NASA - USAF - Boeing/McDonnell-Douglas - F-15B Demonstrator - 1/48 Scale Mahogany Model - E2748F3W
NASA / USAF
National Aeronautics and Space Administration

Boeing / McDonnell-Douglas
High Altitude Research Aircraft
F-15B Active - Demonstrator
1/48 Scale Mahogany Model

Price: $179.00
$17.90 s/h in continental US
DESKTOP Fully Assembled Mahogany Display Model
OUT OF STOCK / DISCONTINUED


Length: 16"   W/S: 11 1/4"
$179.00 plus $17.90 s/h (US only)

NASA Dryden's highly modified F-15B aircraft, tail number 837, serves as an Intelligent Flight Control System (IFCS) research testbed aircraft. The F-15B is a two-seat version of the F-15, which is a high-performance, supersonic, all-weather fighter airplane. The F-15B is used as a test-bed aircraft for a wide variety of flight experiments. In support of this use, a flight-test fixture (FTF) was developed to provide a space for flight experiments in a region with known aerodynamic conditions. The FTF is a fully instrumented test article mounted on the center line of the bottom of the fuselage of an F-15B airplane. The FTF includes an interchangeable experiment panel and is 107 in. (2.72 m) long, 32 in. (0.81 m) high, and 8 in.(20.3 cm) wide, with a 12-in. (30.5-cm) elliptical nose section. The FTF has been used in many flight experiments during the past several years and can be modified to satisfy a variety of research requirements.



Additional Information
One method of measuring turbulent fluctuations of density and velocity across the compressible boundary layer of an aircraft surface in flight (which fluctuations give rise to Reynolds stresses) involves the use of a recently developed automated hot-wire anemometry system. Prior to the development of the automated hot-wire anemometry system, a method of measuring turbulent velocity fluctuations in flight had not been perfected and routinely used in NASA's flight experiments, primarily because of the limitations of conventional anemometry systems. Conventional anemometry systems are characterized by difficulties in tuning, poor signal-to-noise ratios and low bandwidths at low overheat ratios, sensitivity to electromagnetic interference, and vulnerability to effects of cable capacitance. The automated hot-wire anemometry system is, more specifically, a constant-voltage anemometry (CVA) system that has been shown not to be subject to the aforementioned deficiencies of conventional anemometry systems.
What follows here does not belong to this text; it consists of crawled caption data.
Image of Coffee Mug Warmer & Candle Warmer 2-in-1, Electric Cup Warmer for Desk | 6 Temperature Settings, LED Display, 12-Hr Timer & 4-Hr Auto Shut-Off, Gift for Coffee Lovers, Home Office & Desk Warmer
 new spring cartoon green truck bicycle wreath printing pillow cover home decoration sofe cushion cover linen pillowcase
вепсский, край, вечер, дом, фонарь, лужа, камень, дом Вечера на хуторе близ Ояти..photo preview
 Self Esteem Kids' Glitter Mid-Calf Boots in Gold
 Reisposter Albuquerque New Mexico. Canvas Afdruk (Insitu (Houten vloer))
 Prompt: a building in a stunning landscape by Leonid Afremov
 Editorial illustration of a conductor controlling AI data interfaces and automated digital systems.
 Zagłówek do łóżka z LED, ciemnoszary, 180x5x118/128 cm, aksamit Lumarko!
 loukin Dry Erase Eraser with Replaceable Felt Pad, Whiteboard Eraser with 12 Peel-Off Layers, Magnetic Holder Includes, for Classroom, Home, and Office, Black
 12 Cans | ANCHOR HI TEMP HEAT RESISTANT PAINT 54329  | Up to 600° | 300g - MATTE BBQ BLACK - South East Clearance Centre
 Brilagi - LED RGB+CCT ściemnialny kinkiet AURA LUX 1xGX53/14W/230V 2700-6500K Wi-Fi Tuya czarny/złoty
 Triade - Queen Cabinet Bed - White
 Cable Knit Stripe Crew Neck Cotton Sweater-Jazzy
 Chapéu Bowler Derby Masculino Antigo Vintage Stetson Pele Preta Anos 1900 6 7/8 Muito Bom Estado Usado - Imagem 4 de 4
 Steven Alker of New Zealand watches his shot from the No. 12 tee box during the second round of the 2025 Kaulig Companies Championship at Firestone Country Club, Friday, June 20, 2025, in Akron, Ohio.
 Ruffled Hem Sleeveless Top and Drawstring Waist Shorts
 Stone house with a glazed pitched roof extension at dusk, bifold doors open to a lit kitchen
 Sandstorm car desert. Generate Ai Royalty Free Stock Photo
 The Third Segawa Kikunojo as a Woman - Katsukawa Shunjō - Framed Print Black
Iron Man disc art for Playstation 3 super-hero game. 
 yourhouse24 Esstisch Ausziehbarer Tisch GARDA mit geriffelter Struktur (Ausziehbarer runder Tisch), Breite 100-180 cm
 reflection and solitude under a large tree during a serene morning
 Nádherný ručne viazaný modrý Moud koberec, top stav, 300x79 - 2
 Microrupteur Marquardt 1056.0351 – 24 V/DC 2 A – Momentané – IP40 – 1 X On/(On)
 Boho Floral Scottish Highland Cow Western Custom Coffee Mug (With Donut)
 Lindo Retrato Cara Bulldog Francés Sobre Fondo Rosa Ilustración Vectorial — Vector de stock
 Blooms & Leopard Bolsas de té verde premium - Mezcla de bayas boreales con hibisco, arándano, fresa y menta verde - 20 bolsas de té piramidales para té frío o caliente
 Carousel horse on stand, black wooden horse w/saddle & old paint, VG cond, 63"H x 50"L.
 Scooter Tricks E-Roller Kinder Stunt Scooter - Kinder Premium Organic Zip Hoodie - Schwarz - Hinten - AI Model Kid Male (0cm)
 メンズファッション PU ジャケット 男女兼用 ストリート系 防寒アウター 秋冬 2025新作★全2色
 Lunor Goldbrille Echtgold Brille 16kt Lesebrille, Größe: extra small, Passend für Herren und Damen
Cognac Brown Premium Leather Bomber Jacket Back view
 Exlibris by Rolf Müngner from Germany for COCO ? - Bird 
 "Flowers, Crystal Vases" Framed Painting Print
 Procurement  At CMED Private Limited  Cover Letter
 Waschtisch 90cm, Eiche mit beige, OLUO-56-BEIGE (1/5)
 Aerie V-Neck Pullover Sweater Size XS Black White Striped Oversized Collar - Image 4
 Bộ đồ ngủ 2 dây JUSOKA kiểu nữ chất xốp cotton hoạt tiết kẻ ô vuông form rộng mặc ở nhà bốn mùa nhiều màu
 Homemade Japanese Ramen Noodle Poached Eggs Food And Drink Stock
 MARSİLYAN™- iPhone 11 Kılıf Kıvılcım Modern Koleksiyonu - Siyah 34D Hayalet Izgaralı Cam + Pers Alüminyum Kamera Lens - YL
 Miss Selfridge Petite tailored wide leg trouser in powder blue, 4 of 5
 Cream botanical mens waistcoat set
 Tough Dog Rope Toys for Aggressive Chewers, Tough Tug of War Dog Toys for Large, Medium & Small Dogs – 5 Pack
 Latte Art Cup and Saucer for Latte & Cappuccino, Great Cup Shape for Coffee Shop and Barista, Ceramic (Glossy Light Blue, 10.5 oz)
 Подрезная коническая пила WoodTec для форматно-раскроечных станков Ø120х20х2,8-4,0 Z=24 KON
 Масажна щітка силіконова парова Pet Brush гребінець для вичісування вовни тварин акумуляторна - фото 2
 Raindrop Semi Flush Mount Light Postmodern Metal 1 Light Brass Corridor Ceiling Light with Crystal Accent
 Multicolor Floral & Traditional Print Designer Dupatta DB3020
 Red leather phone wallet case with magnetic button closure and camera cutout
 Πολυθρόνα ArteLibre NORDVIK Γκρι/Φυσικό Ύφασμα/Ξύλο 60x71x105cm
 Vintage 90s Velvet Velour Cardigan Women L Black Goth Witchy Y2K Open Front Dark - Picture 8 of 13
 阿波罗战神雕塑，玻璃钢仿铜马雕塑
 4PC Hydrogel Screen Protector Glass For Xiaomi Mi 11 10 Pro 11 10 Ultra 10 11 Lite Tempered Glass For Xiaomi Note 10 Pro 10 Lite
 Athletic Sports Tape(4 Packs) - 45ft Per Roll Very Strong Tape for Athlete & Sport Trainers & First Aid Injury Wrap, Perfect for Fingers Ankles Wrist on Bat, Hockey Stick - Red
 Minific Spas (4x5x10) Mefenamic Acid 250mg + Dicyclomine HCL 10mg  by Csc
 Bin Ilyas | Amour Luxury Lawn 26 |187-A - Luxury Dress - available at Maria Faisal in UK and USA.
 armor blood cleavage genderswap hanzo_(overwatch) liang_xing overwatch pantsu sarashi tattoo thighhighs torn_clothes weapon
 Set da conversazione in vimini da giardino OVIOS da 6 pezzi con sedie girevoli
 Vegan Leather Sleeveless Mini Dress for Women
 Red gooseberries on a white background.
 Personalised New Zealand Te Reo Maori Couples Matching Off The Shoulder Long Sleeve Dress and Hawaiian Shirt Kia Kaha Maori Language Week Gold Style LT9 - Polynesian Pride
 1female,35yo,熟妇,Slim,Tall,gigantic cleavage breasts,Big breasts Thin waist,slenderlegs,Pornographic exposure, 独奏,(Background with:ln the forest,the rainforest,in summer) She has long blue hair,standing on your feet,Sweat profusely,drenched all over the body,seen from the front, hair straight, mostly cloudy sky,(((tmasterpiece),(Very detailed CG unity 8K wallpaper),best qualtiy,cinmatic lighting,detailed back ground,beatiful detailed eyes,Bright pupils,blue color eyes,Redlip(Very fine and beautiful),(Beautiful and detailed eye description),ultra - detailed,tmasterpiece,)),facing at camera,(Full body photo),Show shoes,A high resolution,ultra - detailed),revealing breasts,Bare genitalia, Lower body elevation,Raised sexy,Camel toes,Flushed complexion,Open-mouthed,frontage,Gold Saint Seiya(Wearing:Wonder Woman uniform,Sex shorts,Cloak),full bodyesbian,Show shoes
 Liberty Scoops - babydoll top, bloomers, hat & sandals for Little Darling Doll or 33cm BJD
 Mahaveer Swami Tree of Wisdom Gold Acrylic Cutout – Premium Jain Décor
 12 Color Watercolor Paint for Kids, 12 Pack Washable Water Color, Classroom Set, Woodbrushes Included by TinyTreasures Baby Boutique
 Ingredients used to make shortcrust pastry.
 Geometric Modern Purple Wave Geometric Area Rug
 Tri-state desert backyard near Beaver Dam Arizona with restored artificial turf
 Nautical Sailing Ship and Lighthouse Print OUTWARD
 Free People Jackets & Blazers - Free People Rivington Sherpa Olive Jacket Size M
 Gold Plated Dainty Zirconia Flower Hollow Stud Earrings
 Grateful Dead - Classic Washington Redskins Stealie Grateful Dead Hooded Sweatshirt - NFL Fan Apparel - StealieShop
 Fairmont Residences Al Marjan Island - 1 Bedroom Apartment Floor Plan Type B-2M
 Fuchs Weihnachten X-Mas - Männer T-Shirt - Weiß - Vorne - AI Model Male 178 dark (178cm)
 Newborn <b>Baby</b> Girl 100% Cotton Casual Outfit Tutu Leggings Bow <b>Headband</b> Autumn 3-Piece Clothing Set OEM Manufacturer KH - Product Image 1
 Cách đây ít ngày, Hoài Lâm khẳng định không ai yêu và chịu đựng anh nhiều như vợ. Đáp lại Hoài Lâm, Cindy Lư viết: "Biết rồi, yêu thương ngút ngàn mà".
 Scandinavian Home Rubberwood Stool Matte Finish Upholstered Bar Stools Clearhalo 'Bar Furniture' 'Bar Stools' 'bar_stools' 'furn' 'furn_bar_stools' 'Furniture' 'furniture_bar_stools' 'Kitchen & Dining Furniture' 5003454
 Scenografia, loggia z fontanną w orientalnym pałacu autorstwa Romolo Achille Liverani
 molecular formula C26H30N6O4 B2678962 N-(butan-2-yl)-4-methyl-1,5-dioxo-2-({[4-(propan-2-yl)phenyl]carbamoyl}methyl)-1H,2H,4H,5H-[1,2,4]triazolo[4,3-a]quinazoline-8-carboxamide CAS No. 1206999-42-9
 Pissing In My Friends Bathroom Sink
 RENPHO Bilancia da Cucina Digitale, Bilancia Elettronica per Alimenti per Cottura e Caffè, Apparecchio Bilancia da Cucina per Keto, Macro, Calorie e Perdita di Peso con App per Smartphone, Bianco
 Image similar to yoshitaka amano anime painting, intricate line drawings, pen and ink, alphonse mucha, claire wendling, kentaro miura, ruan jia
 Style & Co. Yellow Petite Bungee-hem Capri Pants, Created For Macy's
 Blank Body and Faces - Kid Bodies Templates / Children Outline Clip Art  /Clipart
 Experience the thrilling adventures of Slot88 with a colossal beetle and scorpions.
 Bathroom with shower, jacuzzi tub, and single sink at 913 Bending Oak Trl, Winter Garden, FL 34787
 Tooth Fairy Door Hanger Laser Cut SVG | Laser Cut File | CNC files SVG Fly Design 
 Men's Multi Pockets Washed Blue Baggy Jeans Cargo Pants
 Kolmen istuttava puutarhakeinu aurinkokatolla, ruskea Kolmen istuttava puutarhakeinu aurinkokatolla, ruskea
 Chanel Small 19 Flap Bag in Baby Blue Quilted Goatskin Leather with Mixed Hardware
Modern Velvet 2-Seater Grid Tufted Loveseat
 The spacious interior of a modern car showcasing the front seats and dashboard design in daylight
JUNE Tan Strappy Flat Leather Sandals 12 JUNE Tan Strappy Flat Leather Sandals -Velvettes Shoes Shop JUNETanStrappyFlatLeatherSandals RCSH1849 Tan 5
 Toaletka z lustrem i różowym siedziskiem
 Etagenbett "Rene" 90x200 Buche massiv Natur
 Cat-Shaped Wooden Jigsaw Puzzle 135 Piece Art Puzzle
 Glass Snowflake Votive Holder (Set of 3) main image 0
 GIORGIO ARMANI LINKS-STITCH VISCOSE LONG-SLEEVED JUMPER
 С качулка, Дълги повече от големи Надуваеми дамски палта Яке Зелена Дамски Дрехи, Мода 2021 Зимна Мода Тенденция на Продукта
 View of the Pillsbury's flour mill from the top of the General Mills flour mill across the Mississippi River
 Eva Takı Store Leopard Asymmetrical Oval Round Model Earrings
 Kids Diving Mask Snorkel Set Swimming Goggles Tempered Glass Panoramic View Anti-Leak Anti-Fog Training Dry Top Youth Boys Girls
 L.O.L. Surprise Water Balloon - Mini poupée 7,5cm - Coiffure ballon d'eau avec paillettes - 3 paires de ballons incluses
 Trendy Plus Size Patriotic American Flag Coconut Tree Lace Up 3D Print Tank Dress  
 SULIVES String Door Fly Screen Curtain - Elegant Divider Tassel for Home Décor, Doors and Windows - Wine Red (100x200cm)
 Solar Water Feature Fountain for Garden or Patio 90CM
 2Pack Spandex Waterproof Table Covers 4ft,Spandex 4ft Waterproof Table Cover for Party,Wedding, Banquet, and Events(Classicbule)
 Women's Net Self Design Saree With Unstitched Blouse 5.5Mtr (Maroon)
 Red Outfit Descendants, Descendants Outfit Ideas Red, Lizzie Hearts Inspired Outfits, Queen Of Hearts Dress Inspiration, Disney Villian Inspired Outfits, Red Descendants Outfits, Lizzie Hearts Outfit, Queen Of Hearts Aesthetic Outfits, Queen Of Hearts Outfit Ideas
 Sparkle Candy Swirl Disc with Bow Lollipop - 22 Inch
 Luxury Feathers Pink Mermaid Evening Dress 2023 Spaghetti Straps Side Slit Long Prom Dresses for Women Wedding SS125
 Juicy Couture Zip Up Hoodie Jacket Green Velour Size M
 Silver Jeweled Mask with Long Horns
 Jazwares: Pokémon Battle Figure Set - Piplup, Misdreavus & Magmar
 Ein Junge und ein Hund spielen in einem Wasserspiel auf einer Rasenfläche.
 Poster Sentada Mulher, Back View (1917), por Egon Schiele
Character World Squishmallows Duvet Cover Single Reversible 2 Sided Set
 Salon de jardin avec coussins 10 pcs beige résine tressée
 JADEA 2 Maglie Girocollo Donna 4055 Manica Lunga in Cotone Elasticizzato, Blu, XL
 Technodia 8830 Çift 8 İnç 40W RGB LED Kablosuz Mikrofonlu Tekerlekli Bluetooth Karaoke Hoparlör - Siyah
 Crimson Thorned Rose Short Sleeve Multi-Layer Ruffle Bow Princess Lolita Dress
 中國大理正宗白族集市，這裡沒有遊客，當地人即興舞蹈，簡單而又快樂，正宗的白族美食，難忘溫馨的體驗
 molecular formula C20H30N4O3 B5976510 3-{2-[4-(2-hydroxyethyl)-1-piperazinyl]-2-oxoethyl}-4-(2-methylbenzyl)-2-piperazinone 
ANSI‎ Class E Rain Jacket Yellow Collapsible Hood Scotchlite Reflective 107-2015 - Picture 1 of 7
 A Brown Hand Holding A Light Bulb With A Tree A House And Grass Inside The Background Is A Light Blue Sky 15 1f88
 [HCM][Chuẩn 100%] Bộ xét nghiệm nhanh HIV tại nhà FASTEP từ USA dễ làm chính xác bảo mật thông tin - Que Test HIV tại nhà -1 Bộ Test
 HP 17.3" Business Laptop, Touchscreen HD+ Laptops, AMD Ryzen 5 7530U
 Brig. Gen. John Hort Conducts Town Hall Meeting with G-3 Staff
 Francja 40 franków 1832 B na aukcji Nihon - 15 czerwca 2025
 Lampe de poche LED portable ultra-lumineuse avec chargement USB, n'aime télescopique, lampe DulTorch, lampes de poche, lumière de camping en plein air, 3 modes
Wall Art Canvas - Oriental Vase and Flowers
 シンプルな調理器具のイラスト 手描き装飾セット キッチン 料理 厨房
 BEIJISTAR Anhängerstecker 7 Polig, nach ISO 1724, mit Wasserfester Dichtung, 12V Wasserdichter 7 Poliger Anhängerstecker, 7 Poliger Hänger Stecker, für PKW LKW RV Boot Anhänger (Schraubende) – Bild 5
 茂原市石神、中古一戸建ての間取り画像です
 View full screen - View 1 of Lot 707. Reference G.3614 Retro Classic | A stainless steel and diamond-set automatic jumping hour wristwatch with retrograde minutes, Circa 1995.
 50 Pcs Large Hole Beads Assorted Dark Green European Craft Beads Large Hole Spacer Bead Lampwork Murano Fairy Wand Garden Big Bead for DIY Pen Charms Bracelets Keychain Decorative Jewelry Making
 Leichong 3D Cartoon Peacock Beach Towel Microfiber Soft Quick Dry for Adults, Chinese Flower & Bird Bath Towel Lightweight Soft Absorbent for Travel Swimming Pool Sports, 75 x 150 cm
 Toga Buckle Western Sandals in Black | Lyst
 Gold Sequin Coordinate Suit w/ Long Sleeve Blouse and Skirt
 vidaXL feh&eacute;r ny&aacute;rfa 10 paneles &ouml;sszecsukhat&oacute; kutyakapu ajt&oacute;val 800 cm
The CVA system was selected for flight testing on the FTF on the F-15B airplane. It is essential to characterize the turbulent boundary layer in flight experiments because the length scales characteristic of turbulence in wind-tunnel experiments are significantly different from those of turbulence in flight. Thus, flight measurements in turbulent boundary layers are necessary for validation of computational fluid dynamics (CFD) computer codes and for predicting transitions from laminar to turbulent flow. The specific objective of the flight tests was to validate the concept of CVA for measuring velocity fluctuations in turbulent boundary layers in flight.